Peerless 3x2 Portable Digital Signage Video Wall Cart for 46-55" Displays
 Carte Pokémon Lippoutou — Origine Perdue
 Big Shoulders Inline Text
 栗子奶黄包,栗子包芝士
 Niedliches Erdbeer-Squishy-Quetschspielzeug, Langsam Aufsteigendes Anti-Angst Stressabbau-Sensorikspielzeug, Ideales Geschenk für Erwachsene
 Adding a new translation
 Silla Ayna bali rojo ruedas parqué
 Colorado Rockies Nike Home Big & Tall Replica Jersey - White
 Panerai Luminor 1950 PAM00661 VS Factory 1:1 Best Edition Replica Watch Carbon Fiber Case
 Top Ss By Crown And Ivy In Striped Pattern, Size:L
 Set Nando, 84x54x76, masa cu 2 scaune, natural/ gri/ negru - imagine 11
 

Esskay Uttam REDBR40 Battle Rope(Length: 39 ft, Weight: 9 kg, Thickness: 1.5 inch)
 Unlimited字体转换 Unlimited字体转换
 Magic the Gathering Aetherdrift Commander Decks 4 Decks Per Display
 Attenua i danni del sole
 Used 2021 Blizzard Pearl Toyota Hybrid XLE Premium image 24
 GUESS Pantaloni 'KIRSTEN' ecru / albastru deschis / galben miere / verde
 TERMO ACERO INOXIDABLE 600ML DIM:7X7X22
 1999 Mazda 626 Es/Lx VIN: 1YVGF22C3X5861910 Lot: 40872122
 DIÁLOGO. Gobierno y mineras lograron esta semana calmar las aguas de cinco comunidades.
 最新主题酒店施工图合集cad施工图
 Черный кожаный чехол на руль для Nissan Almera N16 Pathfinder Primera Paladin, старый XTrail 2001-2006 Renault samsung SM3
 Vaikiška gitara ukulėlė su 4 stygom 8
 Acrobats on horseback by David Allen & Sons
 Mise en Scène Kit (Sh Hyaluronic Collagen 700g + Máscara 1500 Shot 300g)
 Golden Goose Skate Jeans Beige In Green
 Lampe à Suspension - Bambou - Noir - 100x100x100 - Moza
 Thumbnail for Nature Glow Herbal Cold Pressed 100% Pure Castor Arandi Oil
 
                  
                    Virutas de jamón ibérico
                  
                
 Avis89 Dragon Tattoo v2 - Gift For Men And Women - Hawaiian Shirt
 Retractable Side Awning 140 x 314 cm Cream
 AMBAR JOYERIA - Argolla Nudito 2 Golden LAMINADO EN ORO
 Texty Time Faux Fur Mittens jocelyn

### Problem:
Set down exactly what runs from the line with "Avis89 Dragon Tattoo" to the last line of the data above, including both of those lines and no others.

### Solution for this problem:
 Avis89 Dragon Tattoo v2 - Gift For Men And Women - Hawaiian Shirt
 Retractable Side Awning 140 x 314 cm Cream
 AMBAR JOYERIA - Argolla Nudito 2 Golden LAMINADO EN ORO
 Texty Time Faux Fur Mittens jocelyn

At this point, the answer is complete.